ITEM 6.  EXHIBITS AND REPORTS ON FORM 8-K.

         (a)   The following documents are filed as part of the Quarter
               Report on Form 10-Q.
         
               3.1   ARTICLES OF INCORPORATION.  A complete copy of the articles
                     of incorporation as amended.
               
         (b)   Reports on Form 8-K.  The Company did not file any reports on
               Form 8-K during the second quarter ended June 30, 1997.

                                        13

<PAGE>

                                    SIGNATURES


     Pursuant to the requirements of the Securities Exchange Act of 1934, the
registrant has duly caused this report to be signed on its behalf by the
undersigned thereunto duly authorized.



                                                   CASCADE BANCORP    
                                             ----------------------------
                                                    (Registrant)     
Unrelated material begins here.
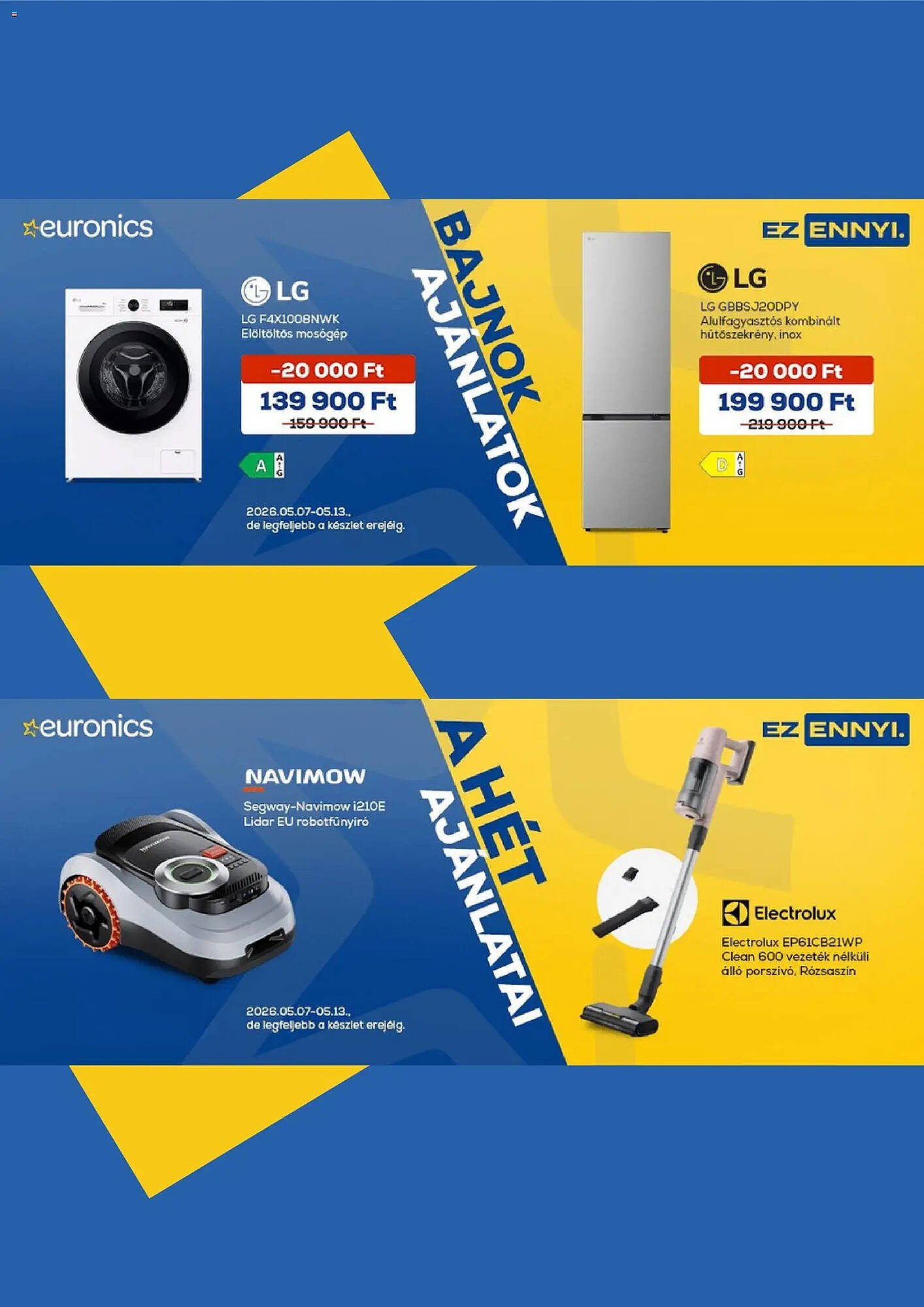 Euronics akciós újság (2026-05-07 - 2026-05-13)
Date    8/11/97                              By /s/ Roger J. Shields 
                                               ----------------------------
                                               Roger J. Shields, President


Date    8/12/97                              By /s/ Patricia L. Moss 
                                               ----------------------------
                                               Patricia L. Moss, Chief         
                                               Financial Officer   

                                        14



<PAGE>
                           Exhibit "1"

                      ARTICLES OF AMENDMENT
                               FOR
                         CASCADE BANCORP

1.   Sections 10.2 and 10.3 of Article X of Cascade Bancorp's
Articles of Incorporation are hereby amended and restated in
their entirety as follows:

          "10.2 SHAREHOLDER VOTE.  In addition to any affirmative
     vote required by law or under any other provision of these
     Articles of Incorporation or the Bylaws of the Corporation,
     and except as otherwise expressly provided in Section 10.3
     hereof, no Corporate Action shall be authorized or effected
     unless there is cast the affirmative vote of at least two-
     thirds of the outstanding shares of capital stock of the
     Corporation held by shareholders who are not interested
     shareholders as defined in ORS 60.825 and who are otherwise
     entitled to vote generally in the election of directors.


          10.3 EXCEPTION TO TWO-THIRDS REQUIREMENT. The
     provisions of Section 10.2 hereof shall not be applicable to
     any particular Corporate Action and such Corporate Action
     shall require only such affirmative vote as is required by
     law and any other provisions of these Articles of
     Incorporation, if a majority of all Continuing Directors of
     the Corporation vote in favor and recommend approval of the
     Corporate Action to the shareholders."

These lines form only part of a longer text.